Coach’s Text Launches Four-Week Art Sprint
Team leader Tiffany Hyden—Hilmer’s former solo-dance coach—sent a single request last August: create a “Milan-specific keepsake” that could lie flat in a suitcase, echo Italian fashion sketches, and ship before accreditation deadlines. Hilmer screen-grabbed competition photos, isolated each skater’s most recognizable shape—Ilia Malinin’s quad Axel preload, Madison Chock’s matador skirt flick—then projected the outlines onto 18-by-24-inch Blick paper. Imported Milanese ink and a size-6 round brush did the rest; one smear meant starting over. “A bad pull turned the sheet into fire starter,” she said.
Hair Replaces Faces in Instantly Recognizable Outlines
ISU costume rules make most skaters look similar from a distance, so Hilmer used hair as a fingerprint. Amber Glenn’s braided crown, Christina Carreira’s half-up rhythm-dance knot, and the wave Evan Bates creates when he releases partner Madison Hubbell became shorthand for identity. Men’s cuts were trickier: Jason Brown’s classic sweep required a single confident stroke, while Vincent Zhou’s shorter Olympic crop needed a dry-bridge technique to suggest texture under arena lights. “Buns, braids, fly-aways—each got its own nib width,” Hilmer noted. “The hair had to do the recognition work.”
Athletes Post Reactions Within Minutes
Skaters thought the tubes held venue maps until the paper unfurled. “Absolutely amazing—can’t wait to bring it home,” Glenn wrote on Hilmer’s Instagram.
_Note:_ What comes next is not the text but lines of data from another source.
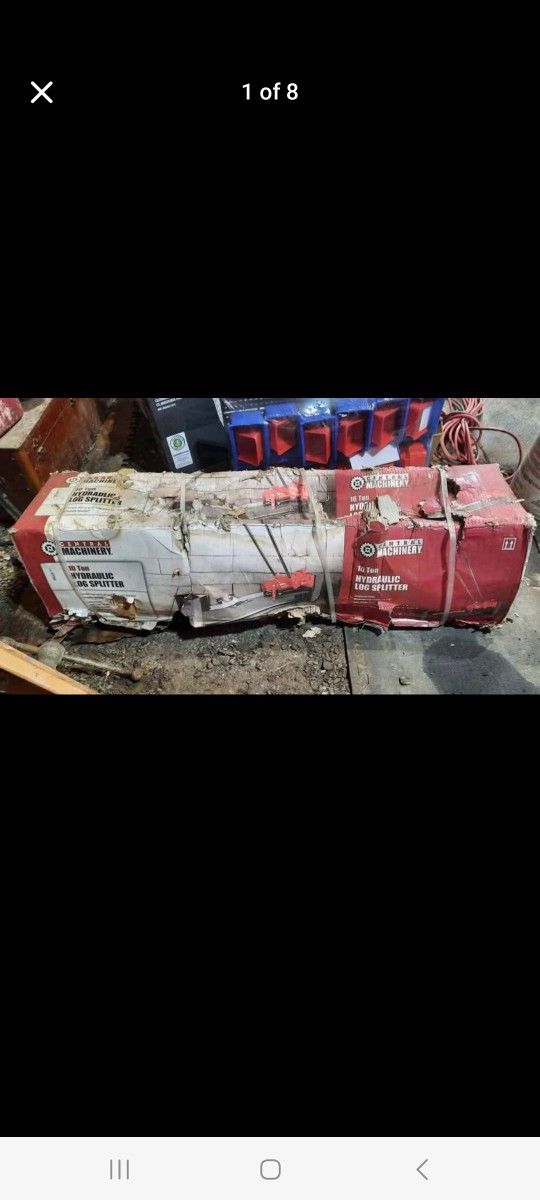 Central Machinery 10 Ton Hydraulic Log Splitter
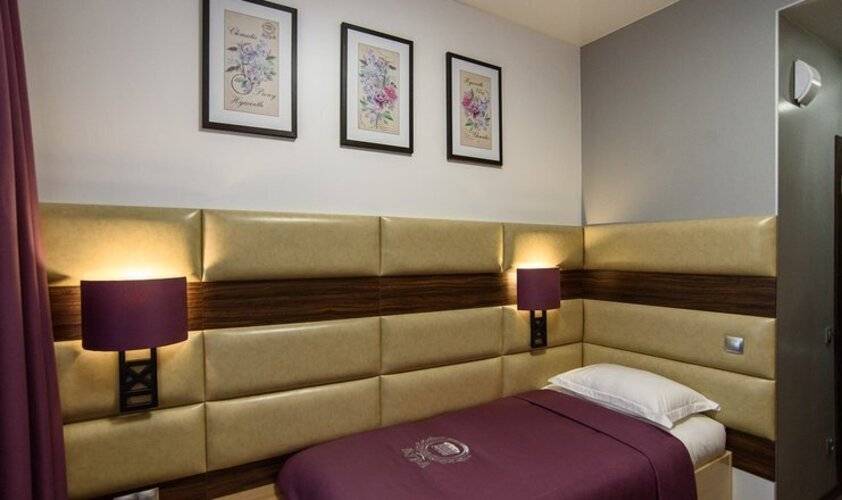 Aura City Hotel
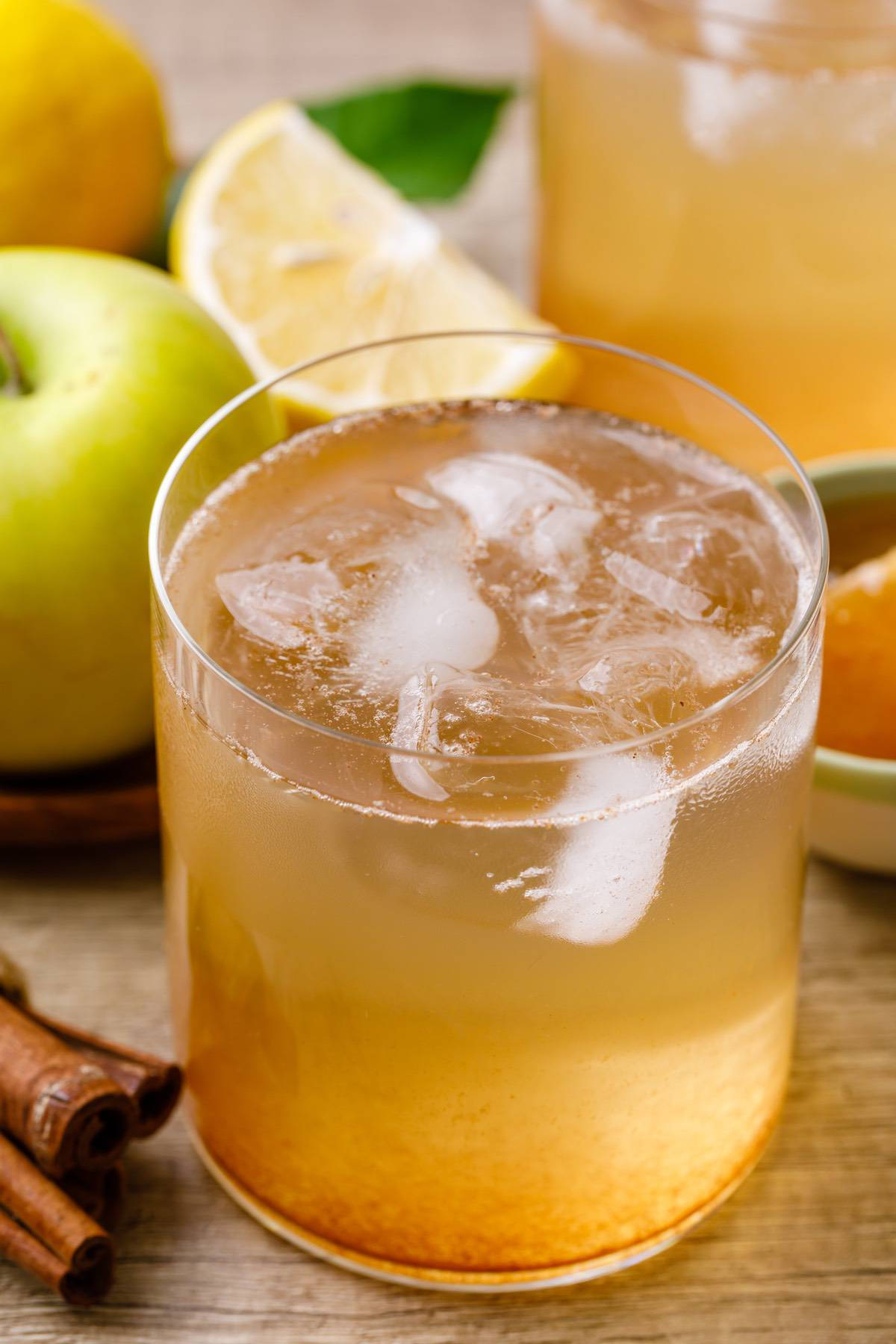 Apple Cider Vinegar With Ice Background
Ice dancers Carreira and Anthony Ponomarenko filmed a joint story tagged with the Italian tricolor emoji. Pairs skater Ellie Kam replied, “So insanely talented, Sonja.” From the practice rink Hilmer watched her phone explode: mid-session texts—“You captured the flip, thank you”—followed by her own triple-toe drill.
Fan Demand Turns Gift Into Merchandise Fundraiser
Within 48 hours Hilmer’s direct-message queue held 400 print requests. She now sells 8-by-10 reproductions and waterproof vinyl stickers through her Instagram, donating 30 percent to the Figure Skating Memorial Fund that once covered her ice-time bills. A Denver print shop handles bulk orders while she competes in the women’s short program; the scanner in her carry-on couldn’t keep up. “I never planned a side hustle,” she said, “but if the sport can fund the art that celebrates it, the loop feels right.”